## Exercise
Once the pictures are set aside, reproduce the entries below exactly.

Data to use below:

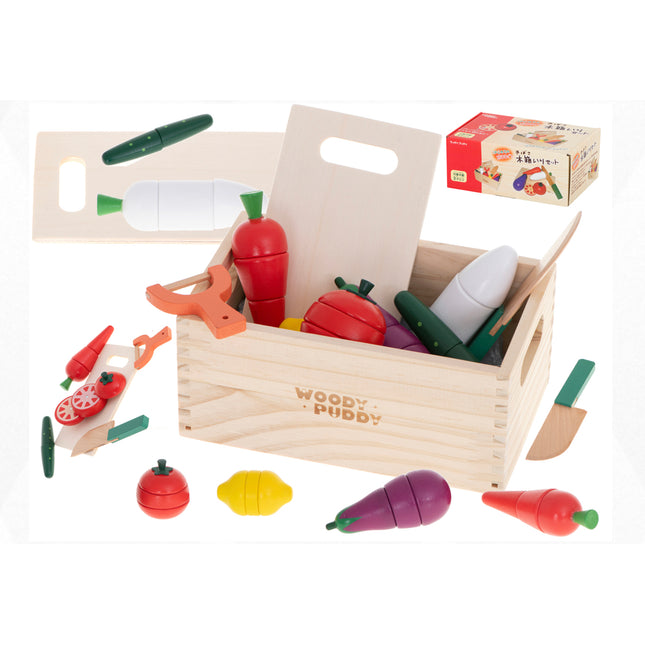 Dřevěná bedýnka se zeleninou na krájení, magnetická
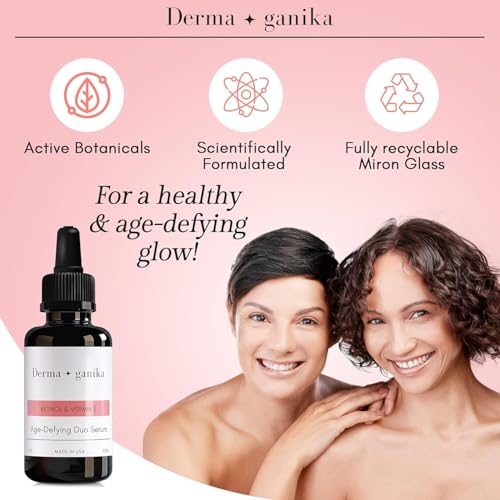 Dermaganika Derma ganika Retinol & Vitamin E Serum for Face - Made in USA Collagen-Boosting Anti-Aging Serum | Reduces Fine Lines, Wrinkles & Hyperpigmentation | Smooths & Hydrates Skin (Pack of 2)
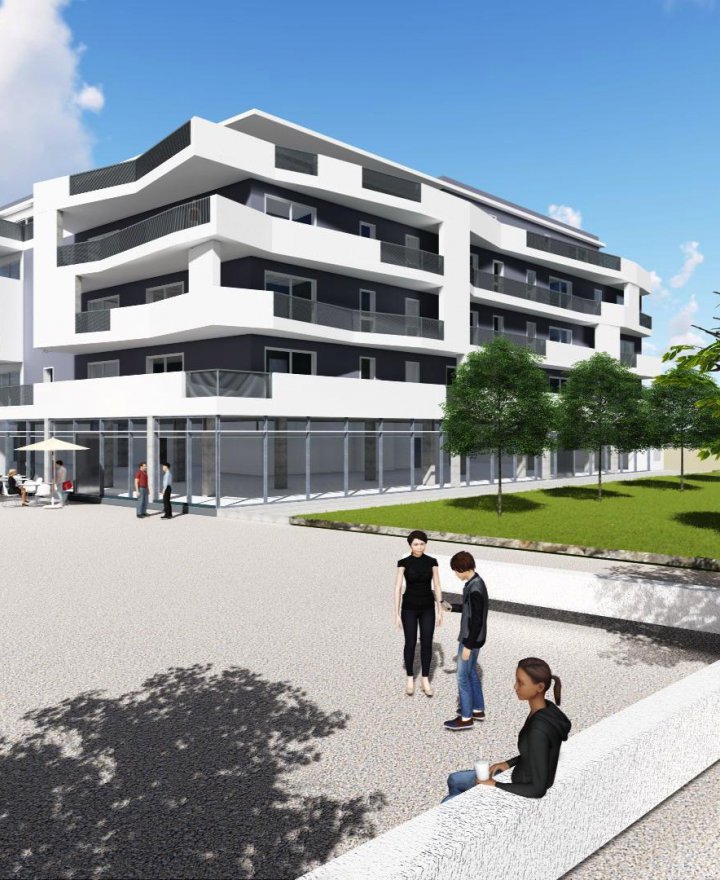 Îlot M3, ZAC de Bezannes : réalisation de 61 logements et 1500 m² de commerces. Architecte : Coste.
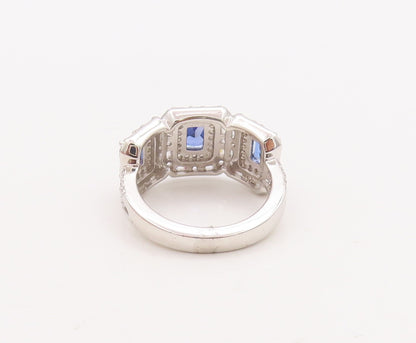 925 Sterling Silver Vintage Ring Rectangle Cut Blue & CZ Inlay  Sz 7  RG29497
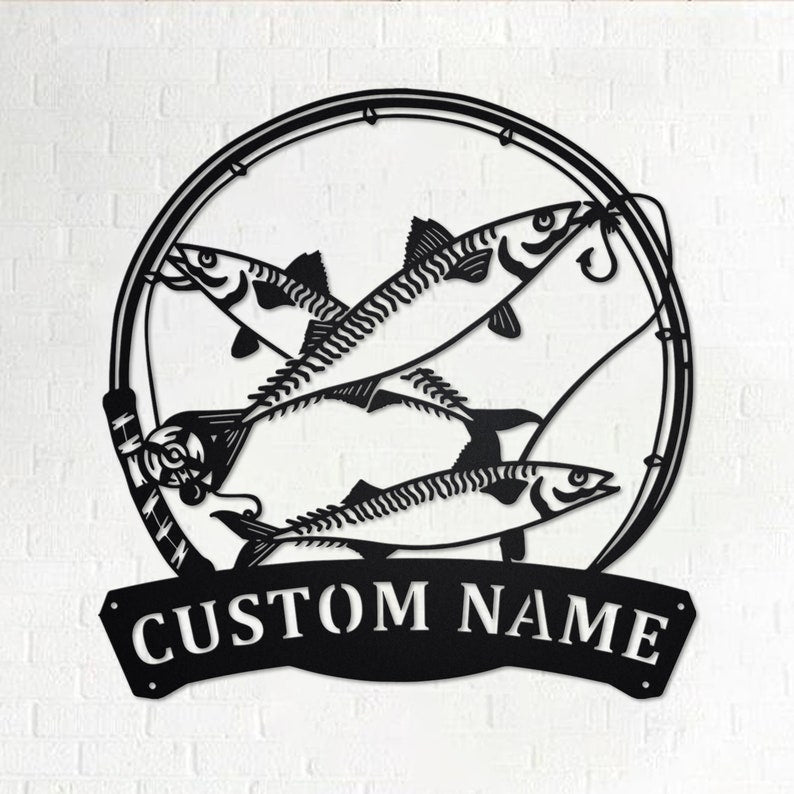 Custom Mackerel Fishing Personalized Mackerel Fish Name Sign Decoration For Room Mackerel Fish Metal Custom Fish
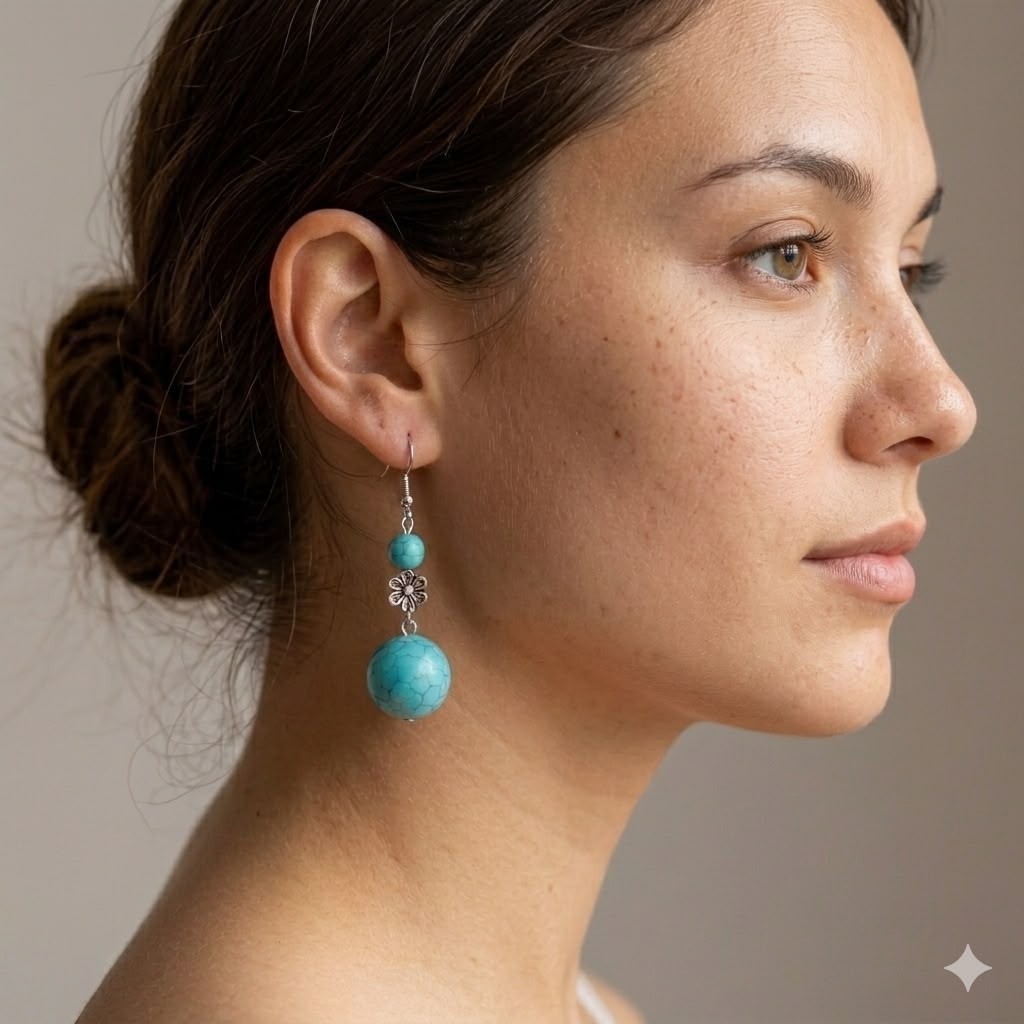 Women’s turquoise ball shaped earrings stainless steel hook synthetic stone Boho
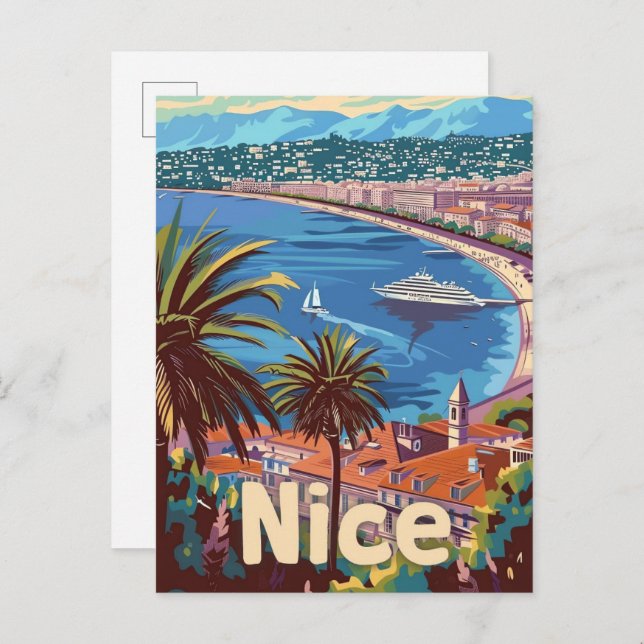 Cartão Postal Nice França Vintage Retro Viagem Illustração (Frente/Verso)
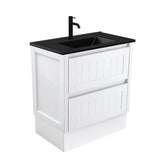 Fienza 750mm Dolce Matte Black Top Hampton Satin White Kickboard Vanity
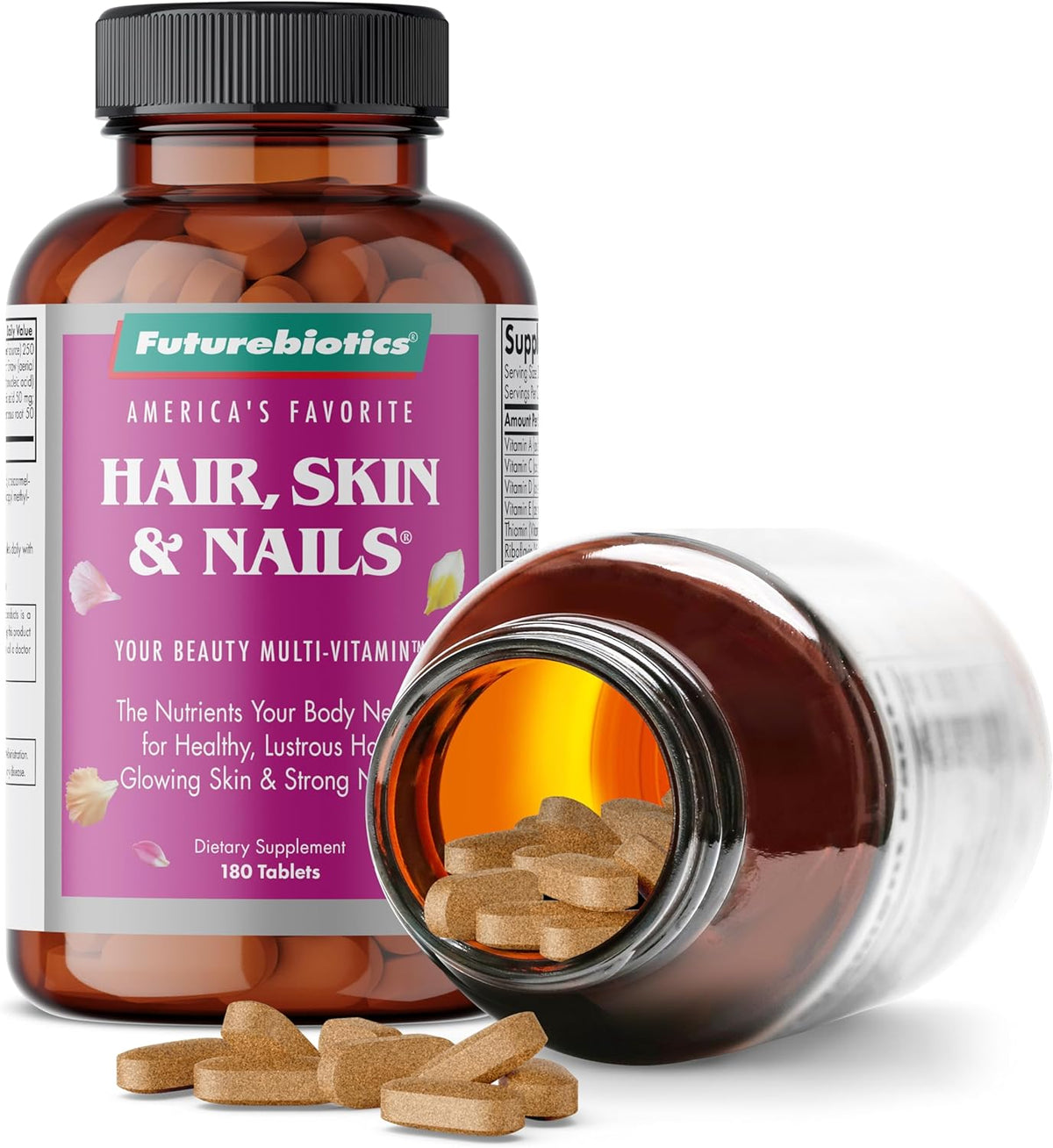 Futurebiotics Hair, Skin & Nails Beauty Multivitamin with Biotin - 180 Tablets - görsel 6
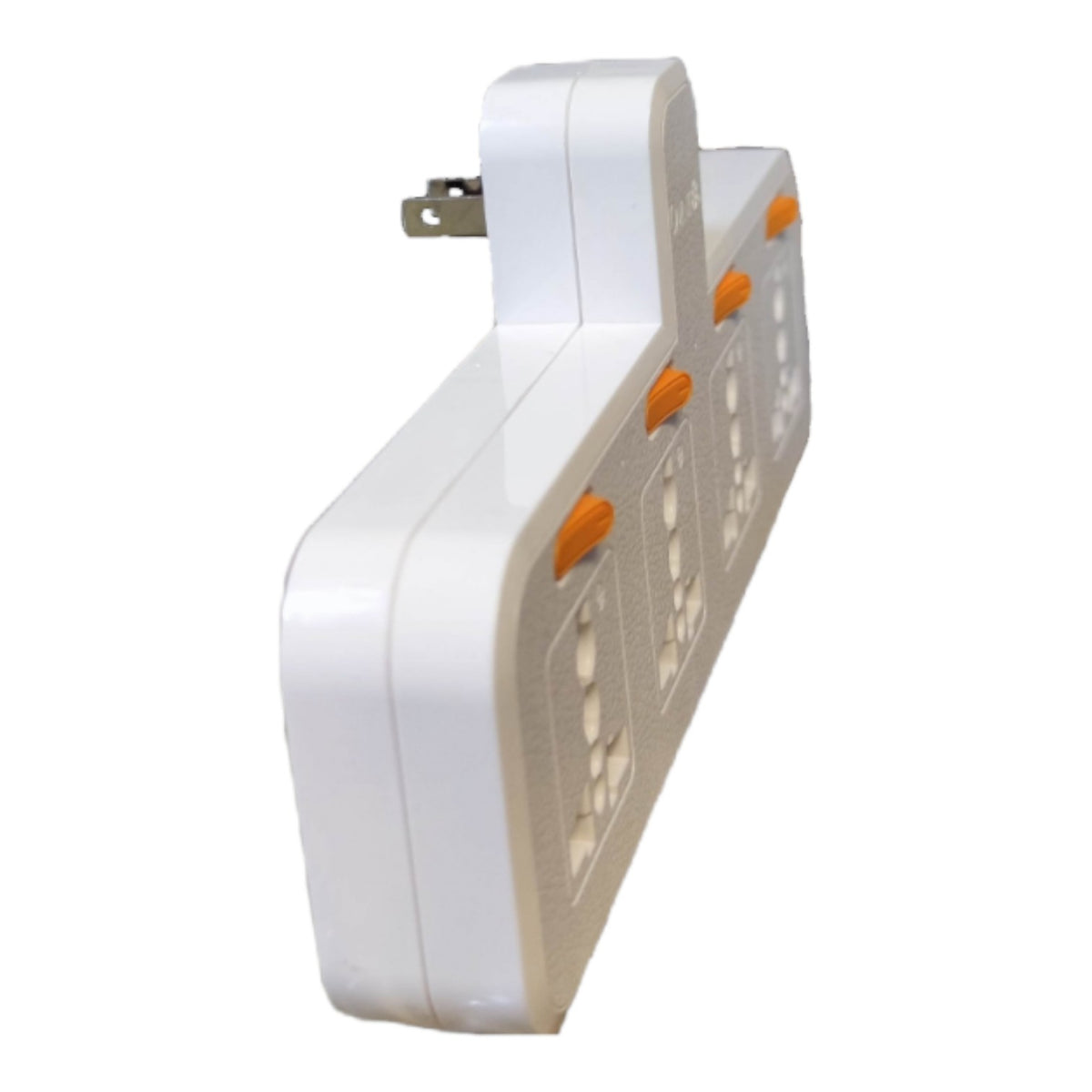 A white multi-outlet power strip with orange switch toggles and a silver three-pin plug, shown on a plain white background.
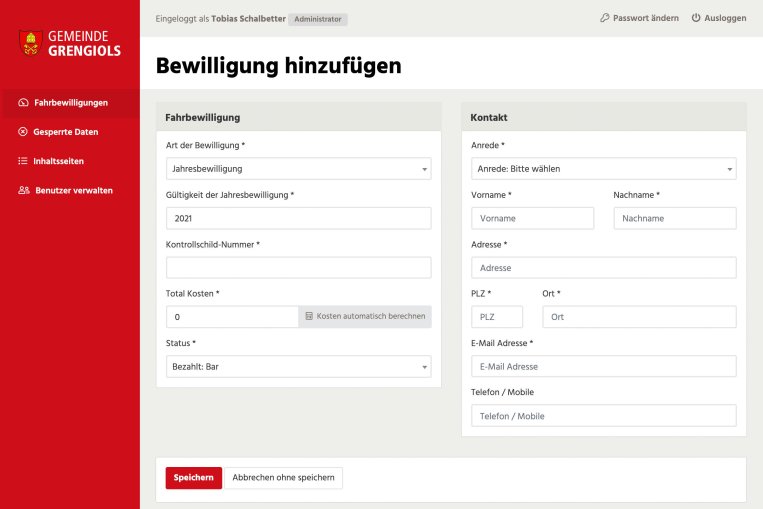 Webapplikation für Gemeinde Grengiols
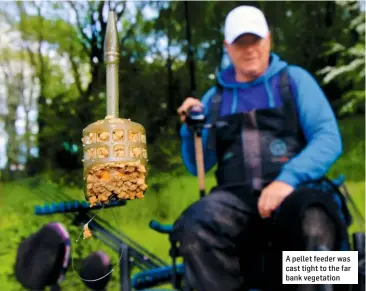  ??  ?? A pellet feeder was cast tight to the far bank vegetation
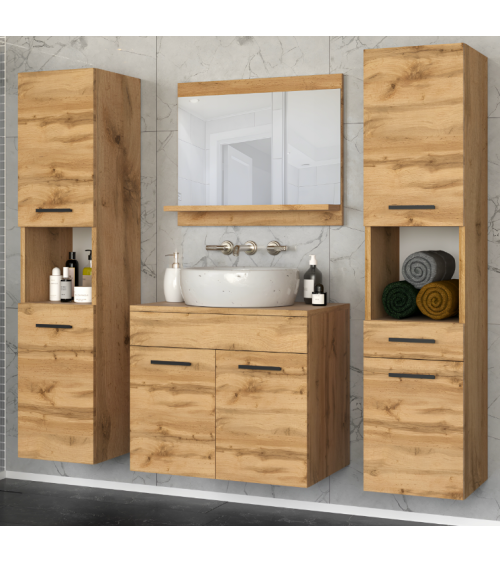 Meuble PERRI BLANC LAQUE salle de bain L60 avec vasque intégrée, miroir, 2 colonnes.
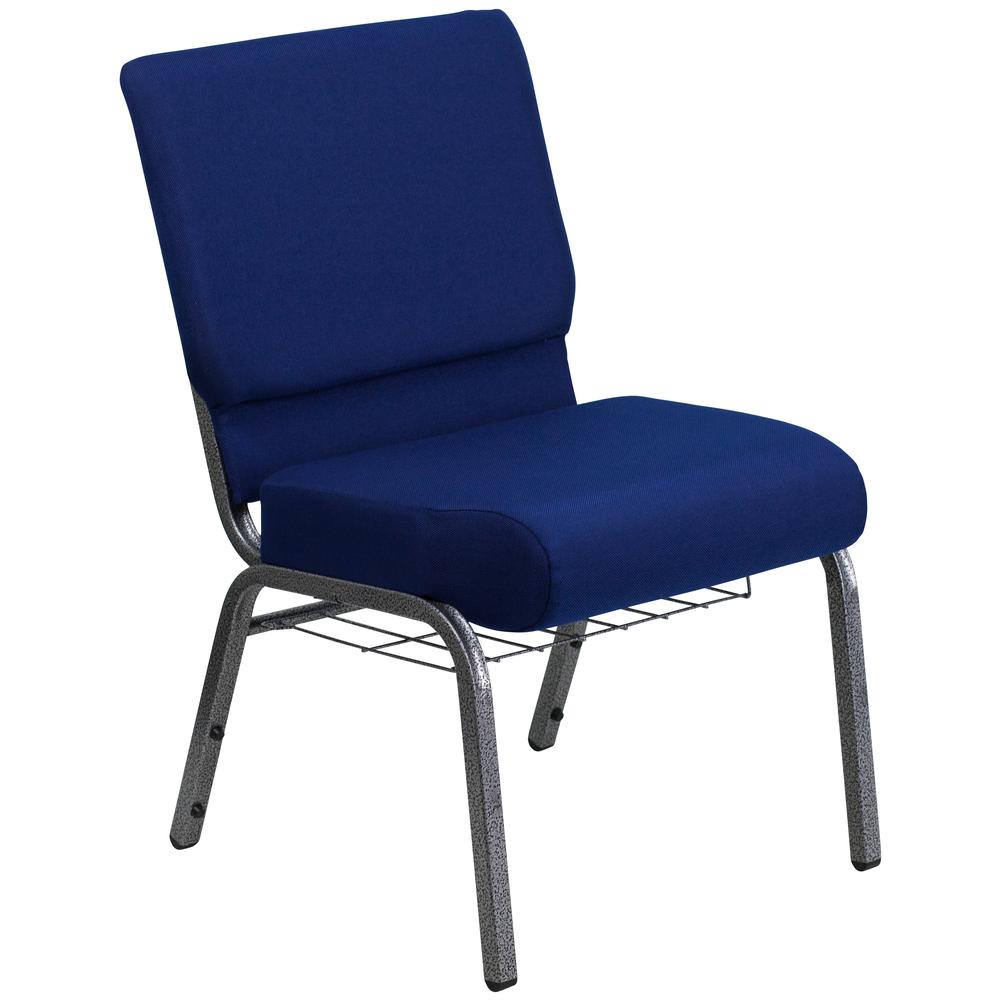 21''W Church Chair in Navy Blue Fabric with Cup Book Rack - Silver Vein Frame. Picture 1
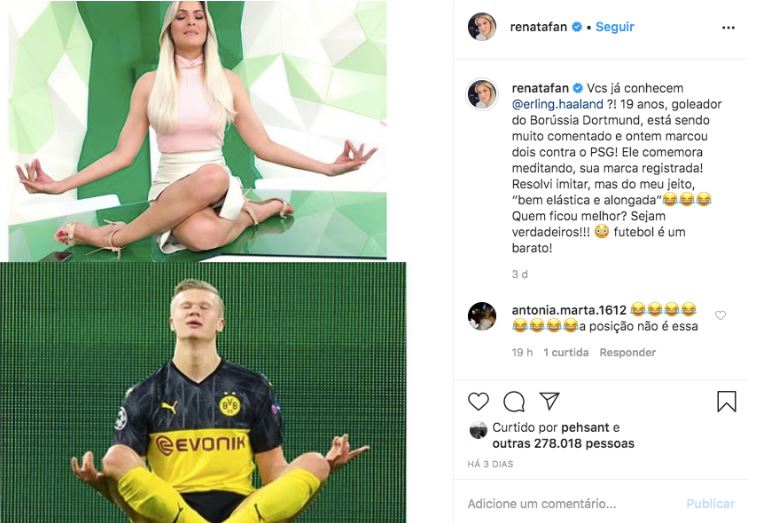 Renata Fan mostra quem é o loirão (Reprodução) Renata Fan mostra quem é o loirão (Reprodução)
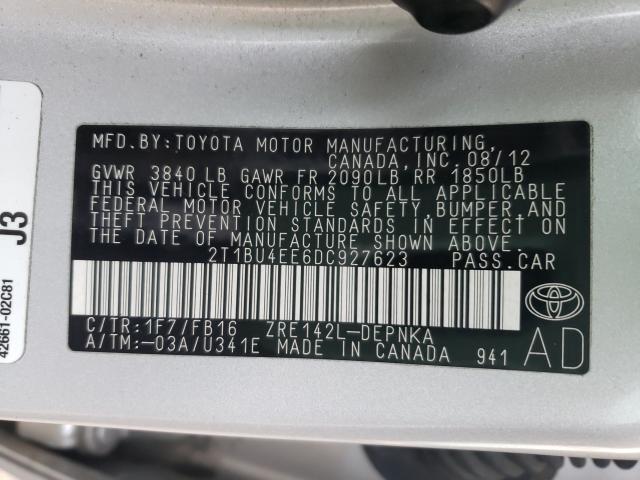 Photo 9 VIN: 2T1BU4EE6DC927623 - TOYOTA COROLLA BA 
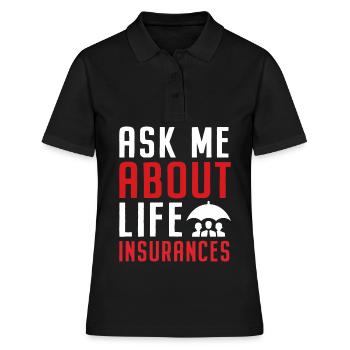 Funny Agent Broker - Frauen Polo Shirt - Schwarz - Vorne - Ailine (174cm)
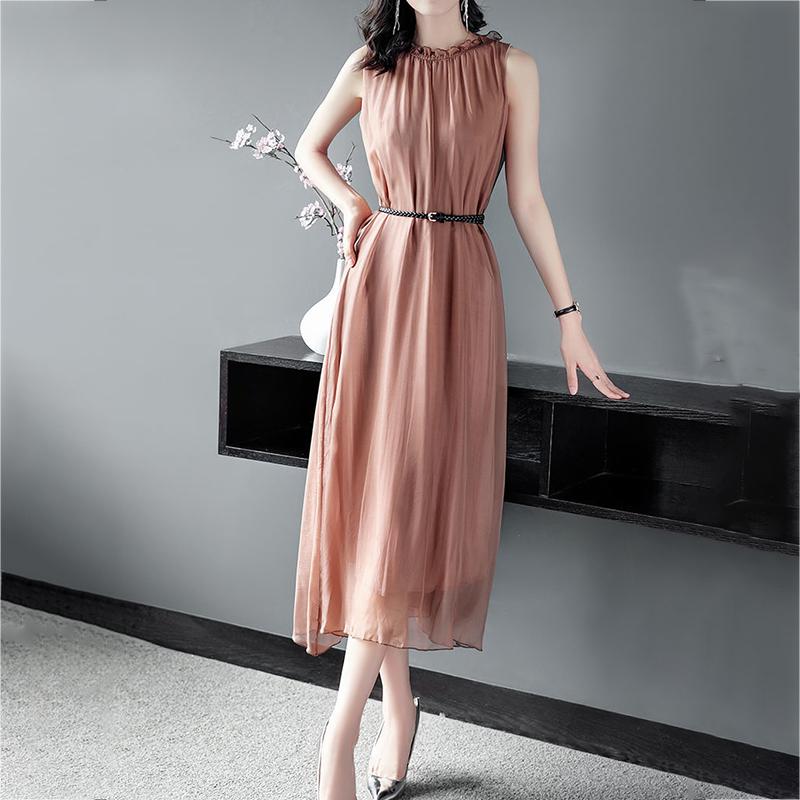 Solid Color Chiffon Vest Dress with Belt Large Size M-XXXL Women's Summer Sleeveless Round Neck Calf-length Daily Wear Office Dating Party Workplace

End of Data to use.

## Task response
 Dřevěná bedýnka se zeleninou na krájení, magnetická
 Dermaganika Derma ganika Retinol & Vitamin E Serum for Face - Made in USA Collagen-Boosting Anti-Aging Serum | Reduces Fine Lines, Wrinkles & Hyperpigmentation | Smooths & Hydrates Skin (Pack of 2)
 Îlot M3, ZAC de Bezannes : réalisation de 61 logements et 1500 m² de commerces. Architecte : Coste.
 925 Sterling Silver Vintage Ring Rectangle Cut Blue & CZ Inlay  Sz 7  RG29497
 Custom Mackerel Fishing Personalized Mackerel Fish Name Sign Decoration For Room Mackerel Fish Metal Custom Fish
 Women’s turquoise ball shaped earrings stainless steel hook synthetic stone Boho
 Cartão Postal Nice França Vintage Retro Viagem Illustração (Frente/Verso)
 Fienza 750mm Dolce Matte Black Top Hampton Satin White Kickboard Vanity
 Futurebiotics Hair, Skin & Nails Beauty Multivitamin with Biotin - 180 Tablets - görsel 6
 A white multi-outlet power strip with orange switch toggles and a silver three-pin plug, shown on a plain white background.
 Webapplikation für Gemeinde Grengiols
  ??  ?? A pellet feeder was cast tight to the far bank vegetation
 Meuble PERRI BLANC LAQUE salle de bain L60 avec vasque intégrée, miroir, 2 colonnes.
 21''W Church Chair in Navy Blue Fabric with Cup Book Rack - Silver Vein Frame. Picture 1
 Renata Fan mostra quem é o loirão (Reprodução) Renata Fan mostra quem é o loirão (Reprodução)
 Photo 9 VIN: 2T1BU4EE6DC927623 - TOYOTA COROLLA BA 
 Funny Agent Broker - Frauen Polo Shirt - Schwarz - Vorne - Ailine (174cm)
 Solid Color Chiffon Vest Dress with Belt Large Size M-XXXL Women's Summer Sleeveless Round Neck Calf-length Daily Wear Office Dating Party Workplace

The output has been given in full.